PROBLEM REQUIREMENTS
In the copy, include every entry exactly but none of the images.

RAW DATA

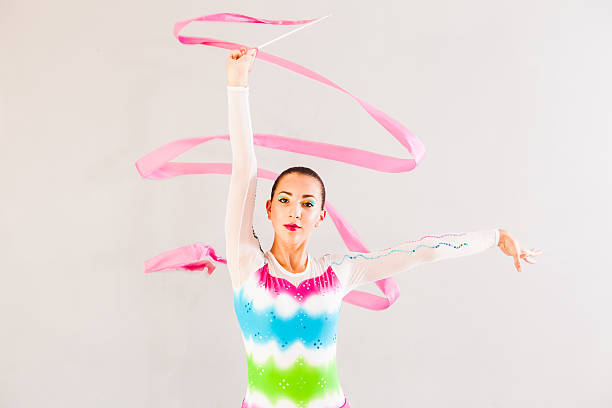 istock gymnast with ribbon 614303048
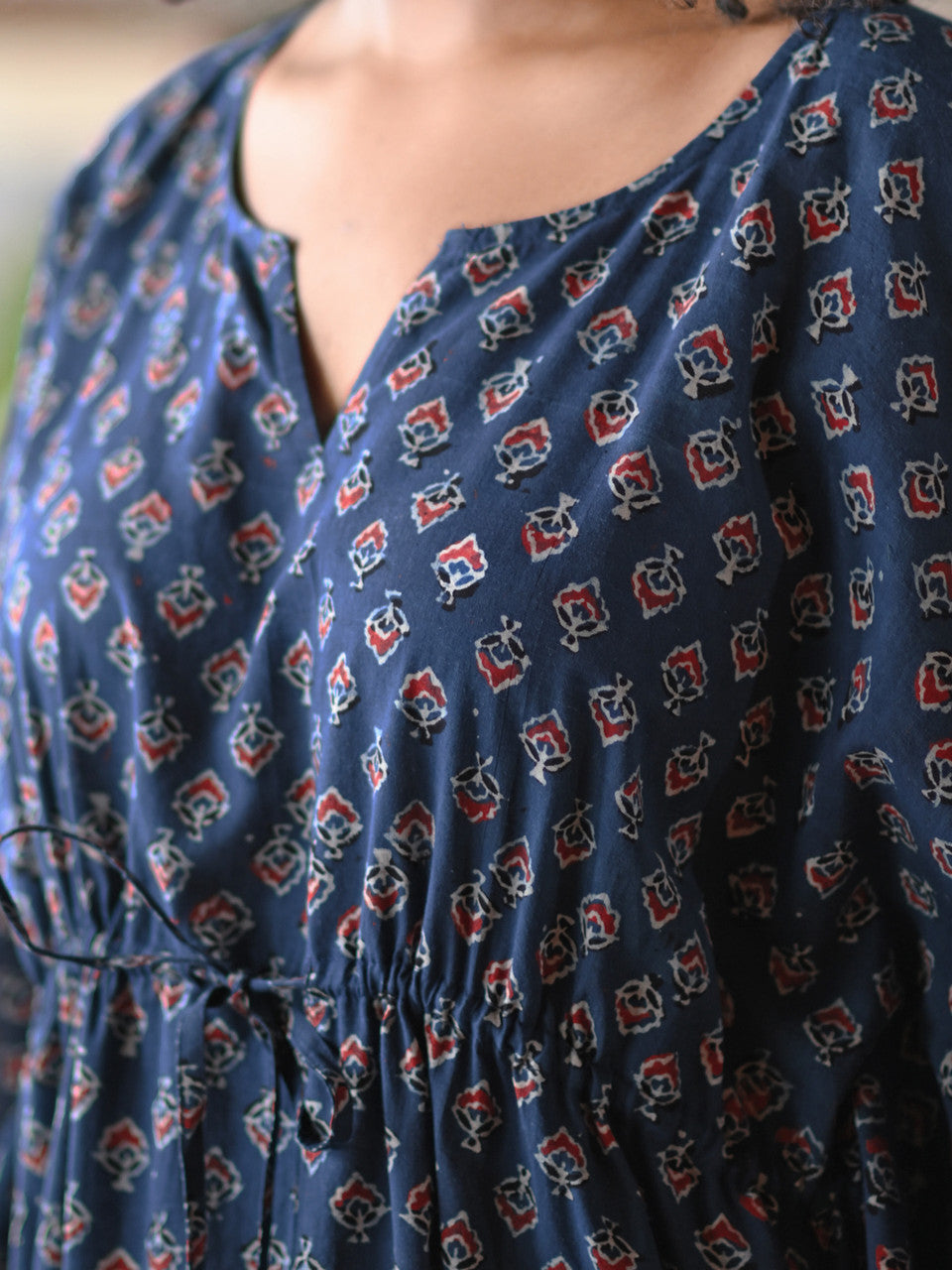 A blue and red dress with a drawstring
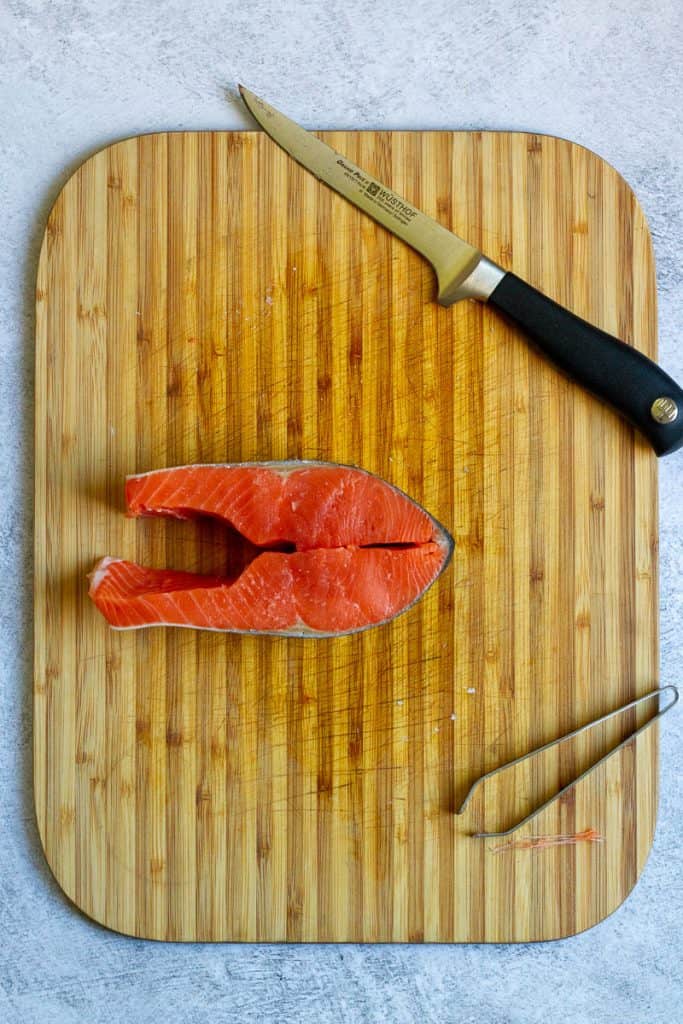To Debone Salmon Steak, Use Boning Knife + Tweezers on Cutting board.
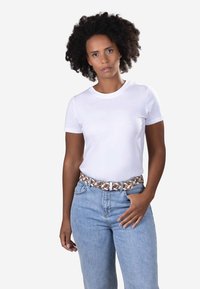 Vrouw met krullend haar, gekleed in een eenvoudig wit T-shirt, ingestopt in een lichtblauwe spijkerbroek met een gevlochten bruine en witte riem, één hand in de zak.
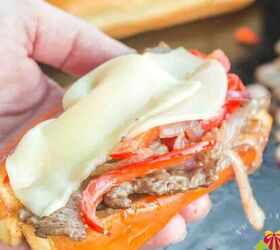 smashed potatoes with cheese, Holding the Philly cheesesteak hot and fresh right above the griddle It has melted provolone grilled onions and peppers and a hot dog bun grilled to perfection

OUTPUT OF THE TASK
 istock gymnast with ribbon 614303048
 A blue and red dress with a drawstring
To Debone Salmon Steak, Use Boning Knife + Tweezers on Cutting board.
 Vrouw met krullend haar, gekleed in een eenvoudig wit T-shirt, ingestopt in een lichtblauwe spijkerbroek met een gevlochten bruine en witte riem, één hand in de zak.
 smashed potatoes with cheese, Holding the Philly cheesesteak hot and fresh right above the griddle It has melted provolone grilled onions and peppers and a hot dog bun grilled to perfection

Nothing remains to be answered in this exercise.